George Oppen: Significant Father?
Did George Oppen renounce poetry for 25 years for the sake of fatherhood?
Apparently. At least in part.
Oppen's hiatus is better known for its political impetus. ("There are situations which cannot be honorably met by art," he said in the mid-1930s, when he devoted himself to the Communist party.) But he later explained that, besides pressures of "conscience," there were "things...I had to try out—and it was more than politics, really; it was...having a child...."

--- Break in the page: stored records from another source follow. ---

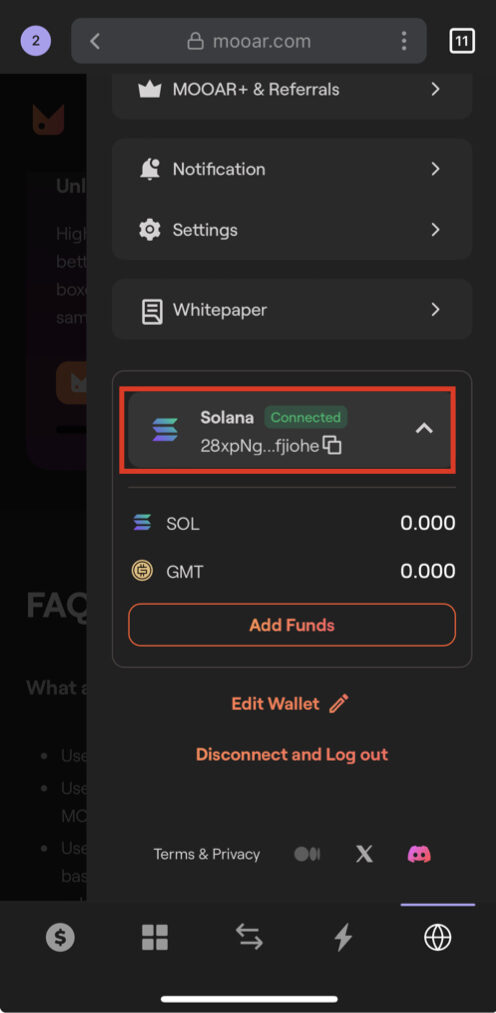 Phantom Wallet MOOAR 接続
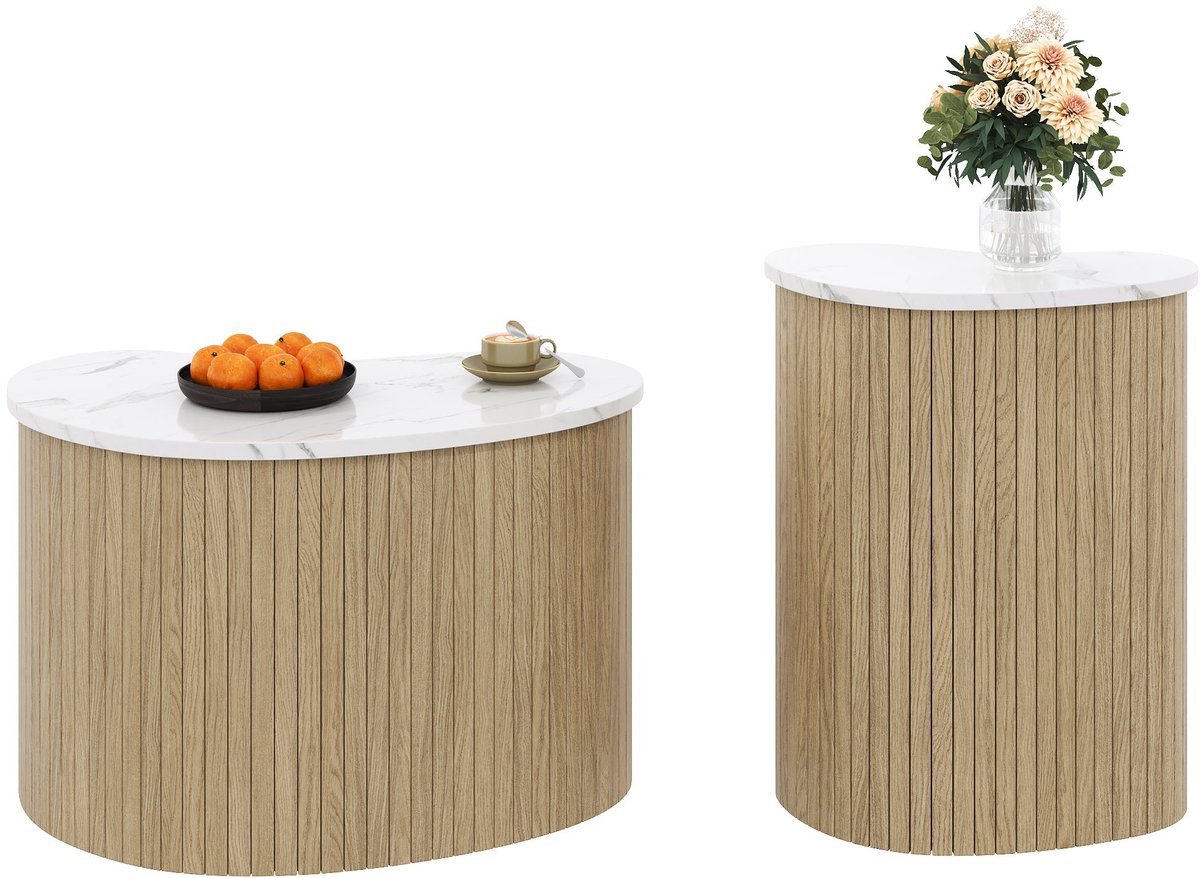 Merax Tweedelige Salontafel – Organische Bijzettafels met Marmermotief en Houtstructuur – Scandinavische Stijl – Houtkleur/Wit – 60 x 37 x 38 cm en 40 x 25 x 50 cm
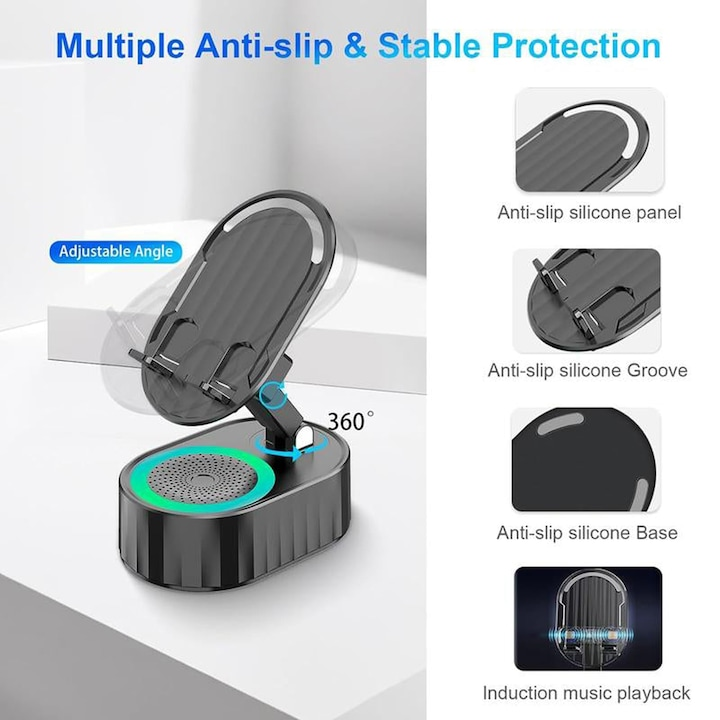 Korven™ - Πολυλειτουργική Βάση Κινητού με Bluetooth 5.3 και Ηχείο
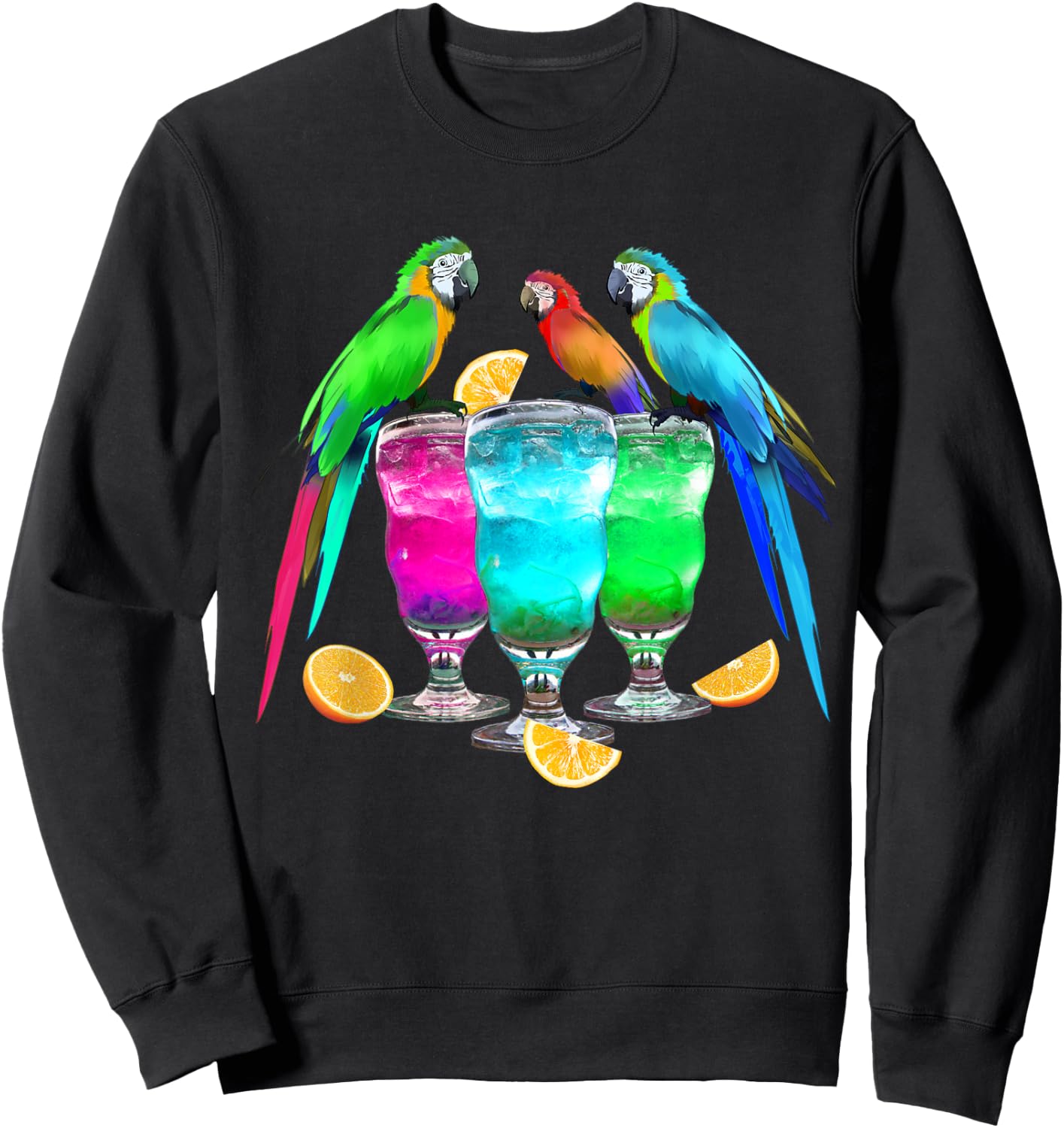 Parrots Drinking Margarita Tropical Birds Vacation Hawaiian Sweatshirt - Sweatshirt | Black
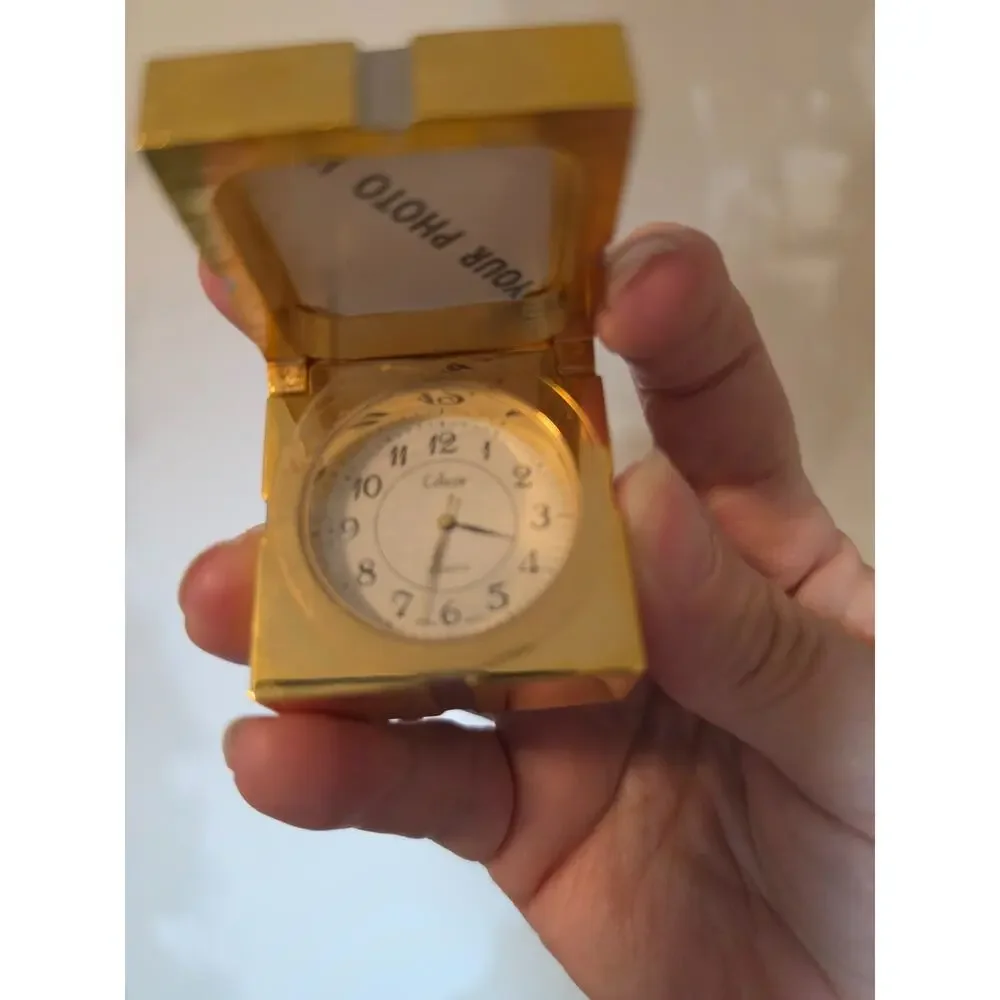 VTG Quartz Miniature Clock Picture Frame Brass-Tone Gift Box Clock Collezio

It's interesting to think about that statement in light of women artists, who in the first wave of feminism were under pressure not to have kids. A recent article in The Brooklyn Rail argues that the pressure is there still. The author, artist Sharon Butler, cites the early feminists' disdain of the "idiosyncratic, excessively inward-looking 'baby art'" that comes after childbearing. If the women "get their wits about them," the thinking went, they eventually returned "to their previous, more serious work." I'll just let that last sentence hang in the air.
Despite more women artists having kids and making art having to do with childbearing and children,and despite the art increasingly appearing in leading galleries, Butler says, art dealers who don't have children tend to neglect artists who do.
How much was that the case in poetry in the '70s, and how much is it the case today, in academia and among editors?
In the months after we adopted our son, when I worried about not writing, my friend Marcella Durand, who also had just adopted, mentioned that she was trying to give herself a full year's break. Although I feel certain she wrote during that time, the idea was that she wouldn't worry if she didn't. It seemed revolutionary, and it freed me.
Oppen said that he never stopped thinking of himself as a poet during his hiatus. That seems revolutionary, too.